● **PROBLEM TO WORK ON**
Using the listing below, set down exactly the lines from the one that contains "Zara tied denim blouse NWT" through the one that contains "The Celestia Ring", with no pictures.

● **THE RECORDS**
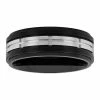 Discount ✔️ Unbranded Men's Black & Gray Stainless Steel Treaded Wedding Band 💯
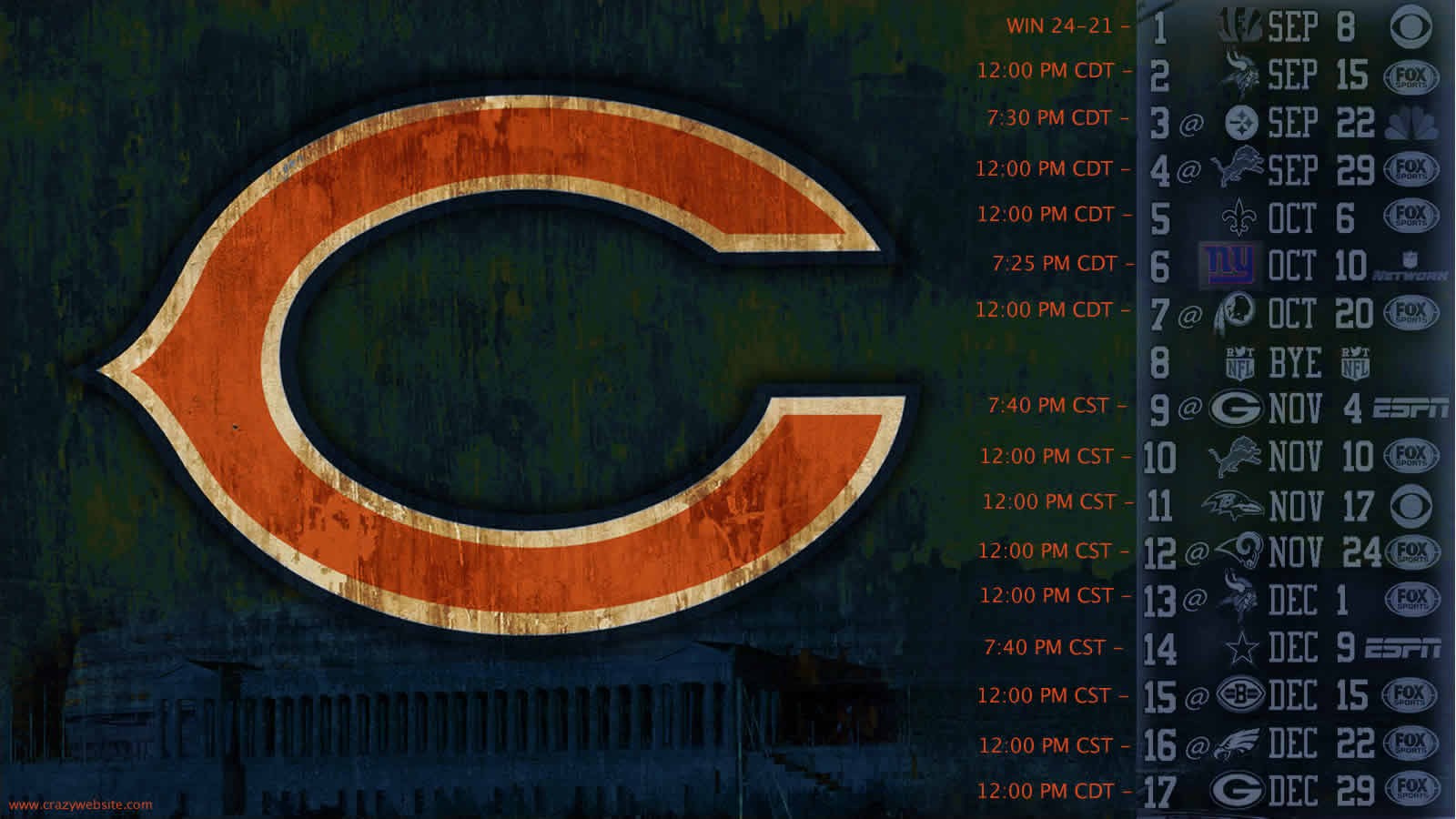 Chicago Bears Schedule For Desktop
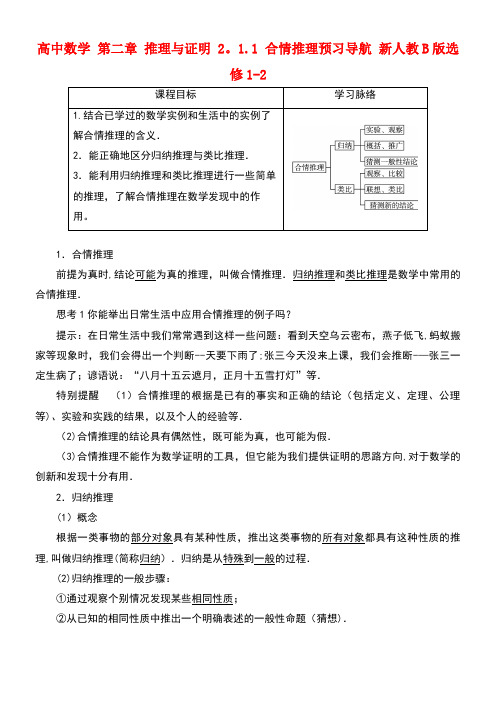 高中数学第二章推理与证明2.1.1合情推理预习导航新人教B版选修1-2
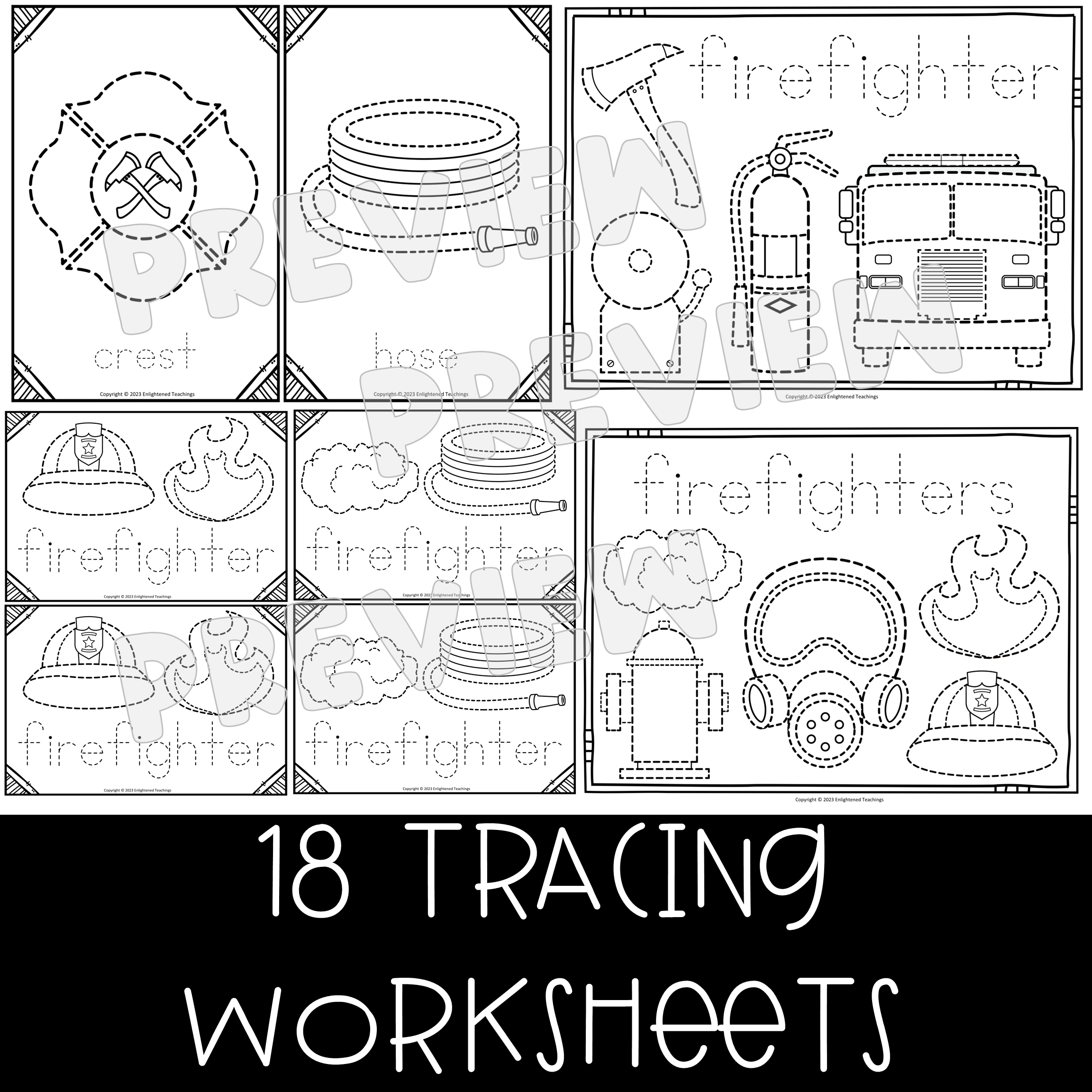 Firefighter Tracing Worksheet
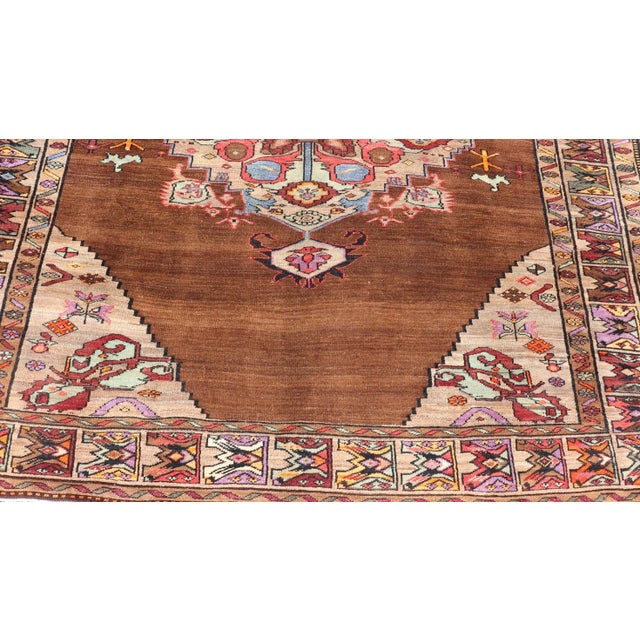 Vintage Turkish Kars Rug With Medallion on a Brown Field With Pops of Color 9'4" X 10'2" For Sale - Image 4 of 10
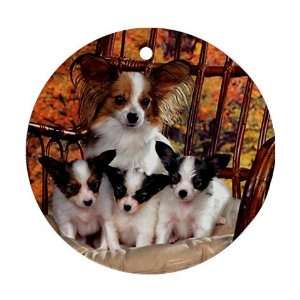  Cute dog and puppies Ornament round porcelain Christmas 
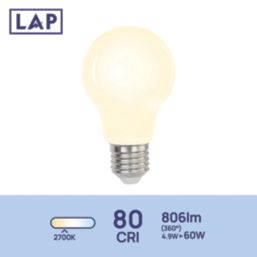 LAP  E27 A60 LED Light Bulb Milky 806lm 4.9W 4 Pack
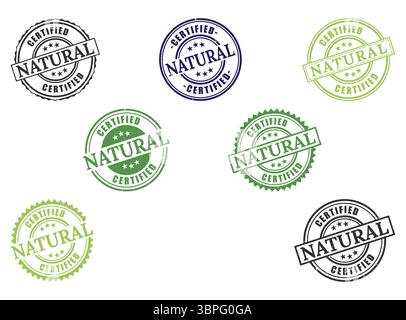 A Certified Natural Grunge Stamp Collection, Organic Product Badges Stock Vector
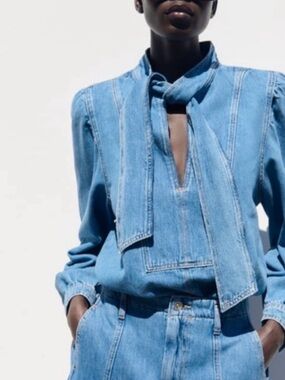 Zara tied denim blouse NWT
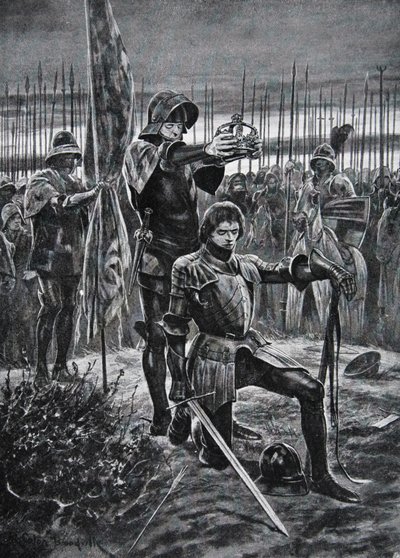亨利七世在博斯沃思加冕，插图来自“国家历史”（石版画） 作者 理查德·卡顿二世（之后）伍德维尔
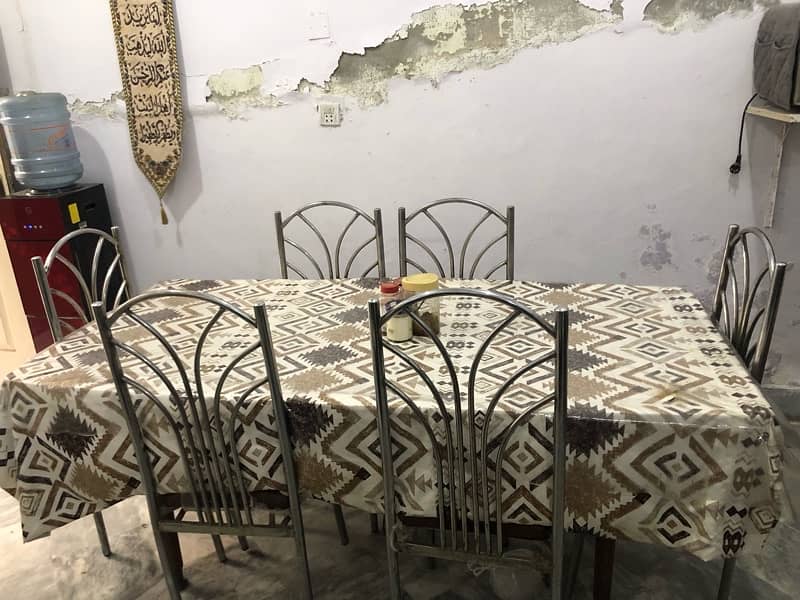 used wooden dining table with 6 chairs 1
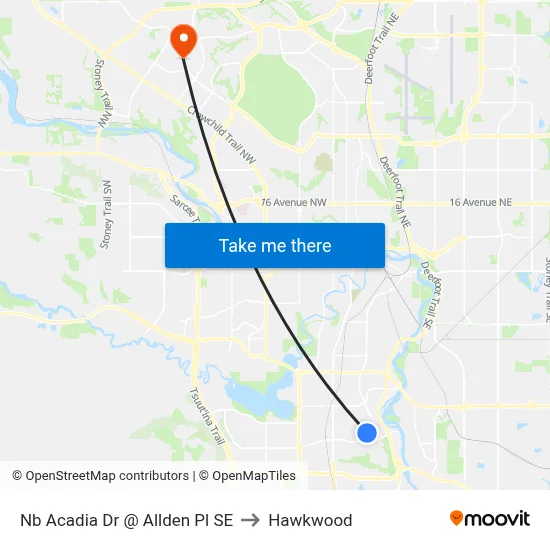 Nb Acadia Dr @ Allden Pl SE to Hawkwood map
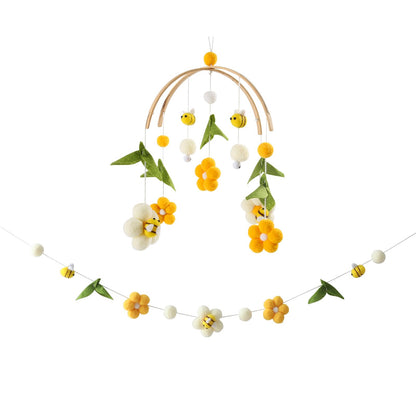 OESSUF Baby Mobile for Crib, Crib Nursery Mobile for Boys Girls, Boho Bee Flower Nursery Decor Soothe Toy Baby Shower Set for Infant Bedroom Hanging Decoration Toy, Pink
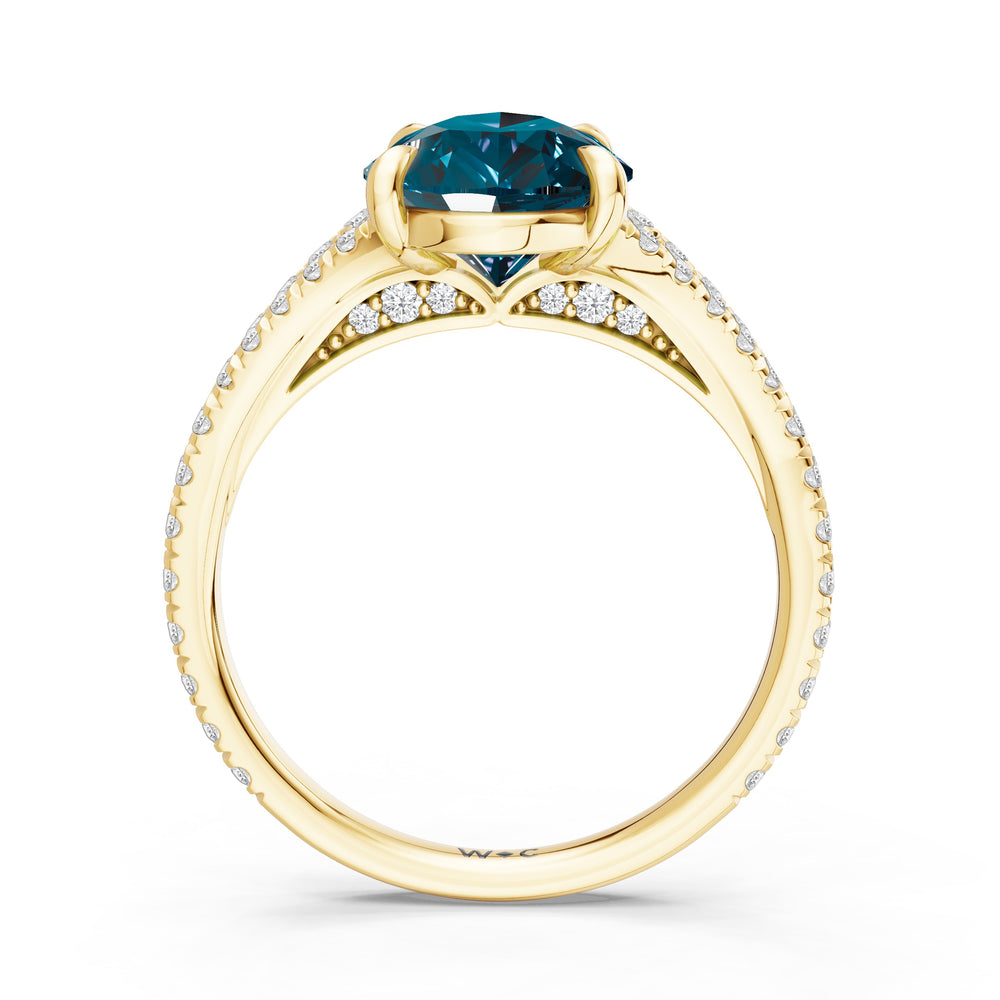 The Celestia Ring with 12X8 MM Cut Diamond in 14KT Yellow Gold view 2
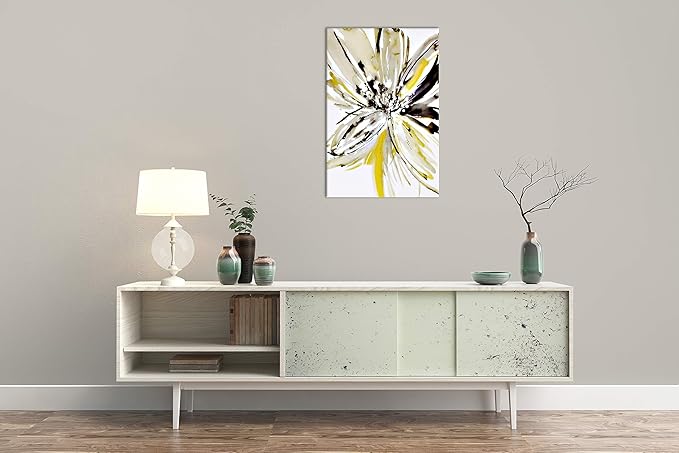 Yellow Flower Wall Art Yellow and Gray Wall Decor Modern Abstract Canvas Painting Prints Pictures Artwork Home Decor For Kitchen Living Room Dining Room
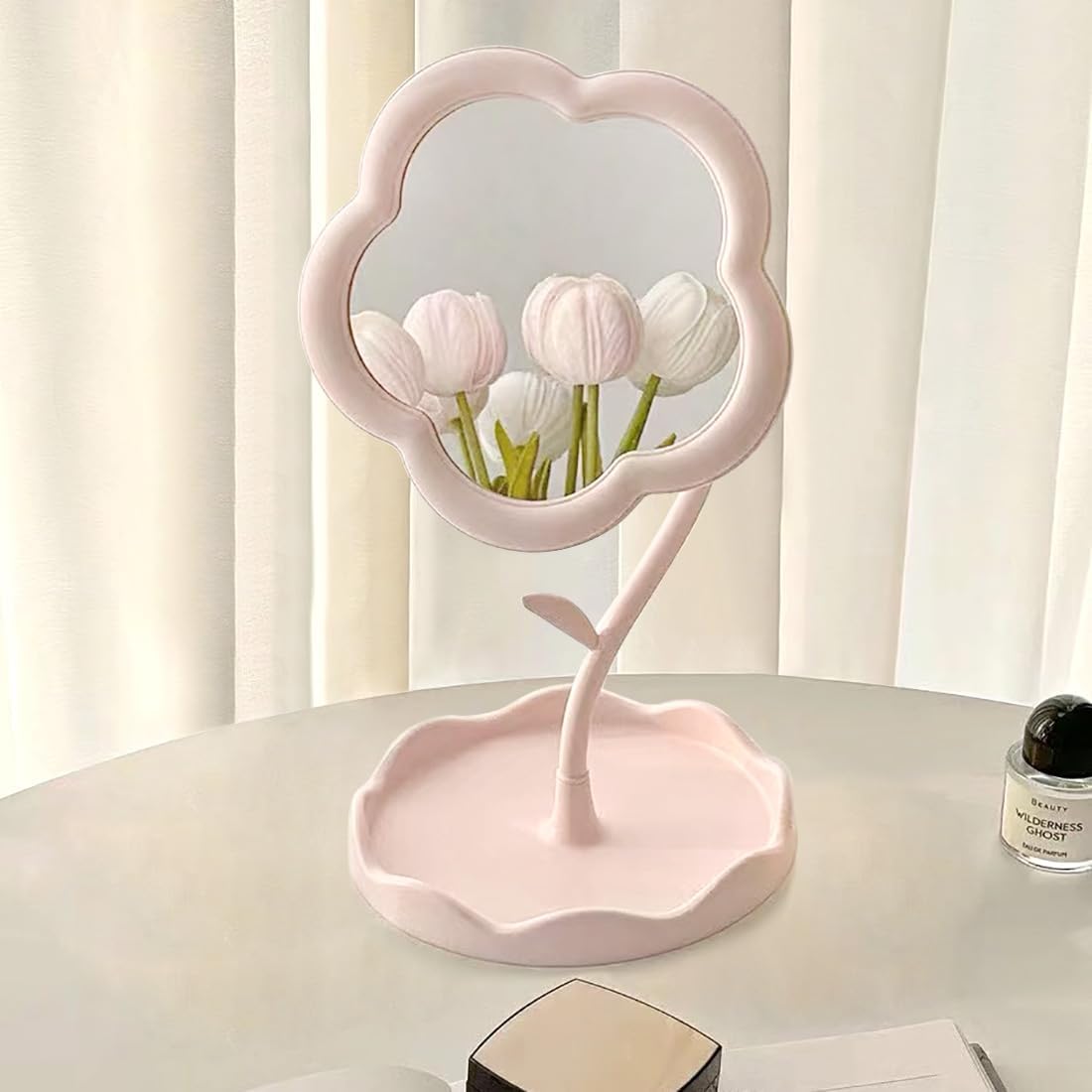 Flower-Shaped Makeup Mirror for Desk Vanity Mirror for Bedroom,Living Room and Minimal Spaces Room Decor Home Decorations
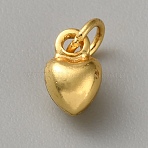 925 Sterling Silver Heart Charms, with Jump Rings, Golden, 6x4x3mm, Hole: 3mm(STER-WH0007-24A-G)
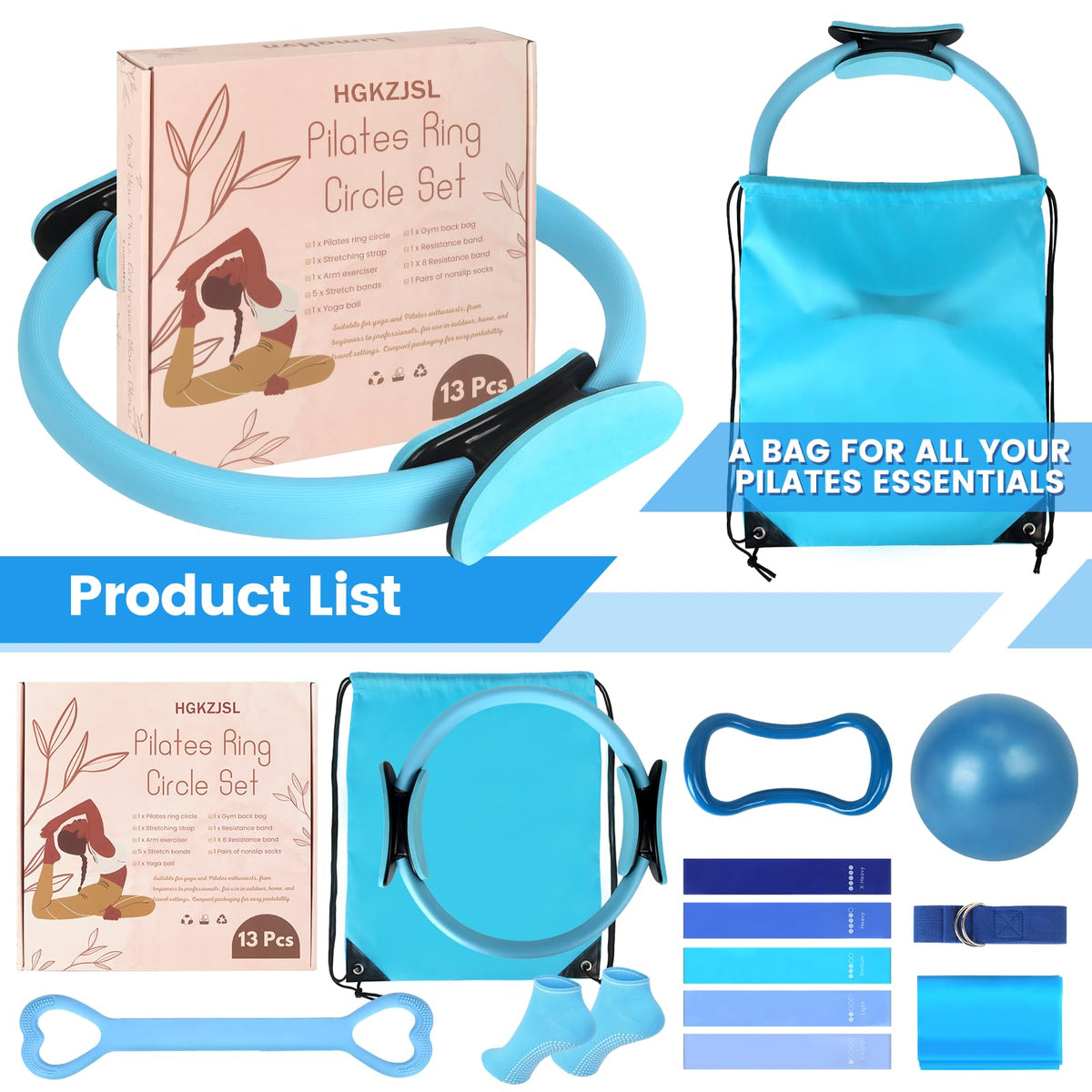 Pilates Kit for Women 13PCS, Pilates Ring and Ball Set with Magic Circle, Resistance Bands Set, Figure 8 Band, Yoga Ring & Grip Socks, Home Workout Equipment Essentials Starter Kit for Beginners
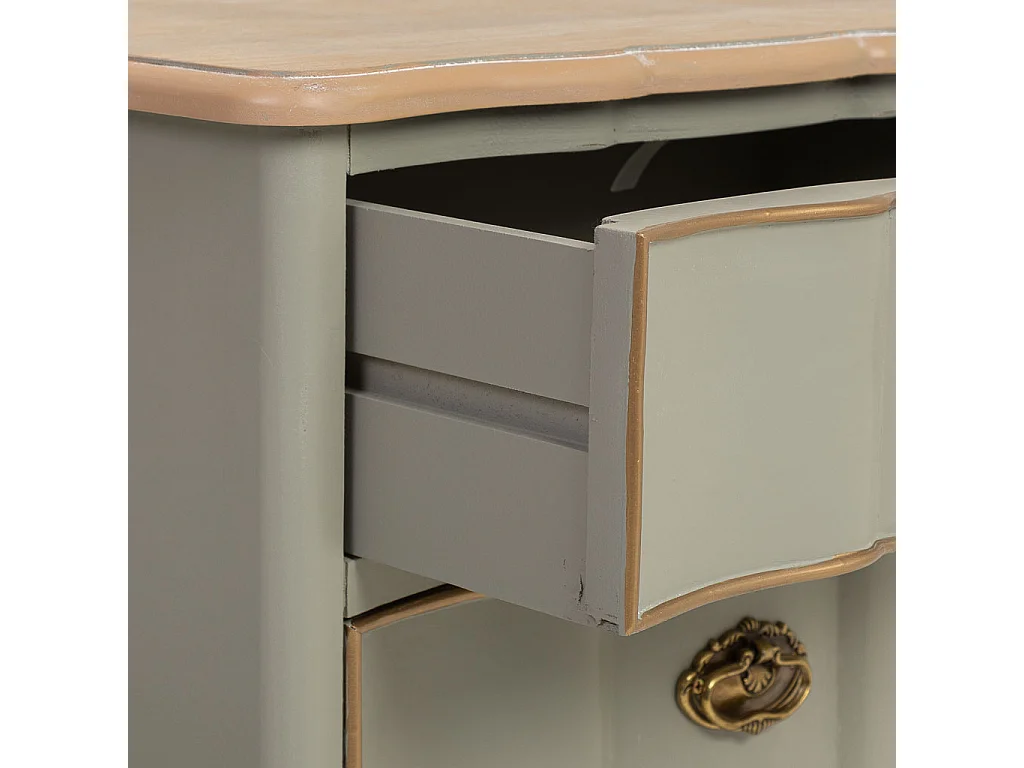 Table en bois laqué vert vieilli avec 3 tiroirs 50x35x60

● **SOLUTION FOR THIS TASK**
 Zara tied denim blouse NWT
亨利七世在博斯沃思加冕，插图来自“国家历史”（石版画） 作者 理查德·卡顿二世（之后）伍德维尔
 used wooden dining table with 6 chairs 1
 Nb Acadia Dr @ Allden Pl SE to Hawkwood map
 OESSUF Baby Mobile for Crib, Crib Nursery Mobile for Boys Girls, Boho Bee Flower Nursery Decor Soothe Toy Baby Shower Set for Infant Bedroom Hanging Decoration Toy, Pink
 The Celestia Ring with 12X8 MM Cut Diamond in 14KT Yellow Gold view 2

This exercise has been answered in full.